Add an `inline-ar` session for handheld AR

Question

Add an `inline-ar` session for handheld AR

tangobravo opened this issue 2 years ago · comments

I have argued in #77 that whilst the current full-screen immersive-ar implementations on mobile platforms are a useful way of providing device-agnostic content, it is not sufficient for many real-world handheld AR applications.

An alternative API (as proposed in #78) that more closely maps to the native ARCore / ARKit implementations and provides a stream of camera frames with pose metadata should be able to cover all the requirements for any handheld AR experience.

However one positive benefit of the immersive-ar session type is that the browser takes responsibility for the composition of the camera frame, which prevents the site from needing to access the raw camera data, and allows users to grant more limited permissions.

For the subset of handheld AR experiences that don't need full camera access but still want more control over the presentation of the content, I propose introducing an inline-ar session type to the spec.

This would wrap an in-DOM WebGL canvas element in much the same way as the current inline session. Compositing of the camera frame would be handled by the browser and the camera frame data would not be accessible to the site, so the same permission treatment as immersive-ar sessions could be used.

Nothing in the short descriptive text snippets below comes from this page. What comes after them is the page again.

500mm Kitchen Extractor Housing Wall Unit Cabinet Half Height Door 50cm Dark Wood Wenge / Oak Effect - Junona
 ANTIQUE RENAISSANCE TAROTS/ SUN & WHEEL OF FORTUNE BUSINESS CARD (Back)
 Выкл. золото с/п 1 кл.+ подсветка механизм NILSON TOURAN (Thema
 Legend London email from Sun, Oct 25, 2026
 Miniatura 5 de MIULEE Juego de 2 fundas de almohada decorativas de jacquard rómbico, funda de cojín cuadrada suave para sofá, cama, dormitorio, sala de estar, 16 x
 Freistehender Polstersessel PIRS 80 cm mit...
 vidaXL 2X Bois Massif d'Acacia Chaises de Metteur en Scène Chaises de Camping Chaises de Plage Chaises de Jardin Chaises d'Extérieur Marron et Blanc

Implementation-wise, I imagine the browser's page compositor rendering the camera frame to a layer directly underneath the canvas layer containing the content, but conceptually "attached" to it (ie sharing CSS transforms, and potentially even things like CSS blur effects).

The XRSession's rAF loop would run at the camera rate, and callbacks would be defined to be delivered to the page in advance of window.requestAnimationFrame callbacks. That allows content to decide if it wants to render updates at the screen or camera rate, but ensure the pose data is always synchronized with the camera frame that will be rendered.

An example sequence of callbacks that might occur with a 30 FPS camera feed on a 60 FPS screen would be:

Screen Refresh 1: xrSession_rAFcb
Screen Refresh 1: window_rAFcb
Screen Refresh 2: window_rAFcb
Screen Refresh 3: xrSession_rAFcb
Screen Refresh 3: window_rAFcb
Screen Refresh 4: window_rAFcb

Any WebGL commands in any of those callbacks that affect the default framebuffer would trigger the browser compositor to update the canvas in the page - layering the results of that WebGL command stream on top of the camera frame passed to the most recent xrSession_rAFcb.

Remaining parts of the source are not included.